• **Work item**: Beginning at the line that contains "Valerio Milano 3-Piece", write out each remaining line of the entries below exactly as it stands.
════════
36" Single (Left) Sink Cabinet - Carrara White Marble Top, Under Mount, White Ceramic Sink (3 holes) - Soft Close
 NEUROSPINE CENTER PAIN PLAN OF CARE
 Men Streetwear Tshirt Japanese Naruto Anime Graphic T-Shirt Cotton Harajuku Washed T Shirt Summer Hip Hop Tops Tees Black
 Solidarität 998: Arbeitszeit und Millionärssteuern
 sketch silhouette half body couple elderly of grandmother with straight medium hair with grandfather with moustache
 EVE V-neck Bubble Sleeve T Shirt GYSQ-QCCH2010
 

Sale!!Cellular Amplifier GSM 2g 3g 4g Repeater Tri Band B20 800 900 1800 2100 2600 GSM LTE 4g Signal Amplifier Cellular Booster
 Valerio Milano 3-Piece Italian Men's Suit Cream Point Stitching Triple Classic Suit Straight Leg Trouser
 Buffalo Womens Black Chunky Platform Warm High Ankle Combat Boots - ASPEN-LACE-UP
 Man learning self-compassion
════════
• **Task answer**:
 Valerio Milano 3-Piece Italian Men's Suit Cream Point Stitching Triple Classic Suit Straight Leg Trouser
 Buffalo Womens Black Chunky Platform Warm High Ankle Combat Boots - ASPEN-LACE-UP
 Man learning self-compassion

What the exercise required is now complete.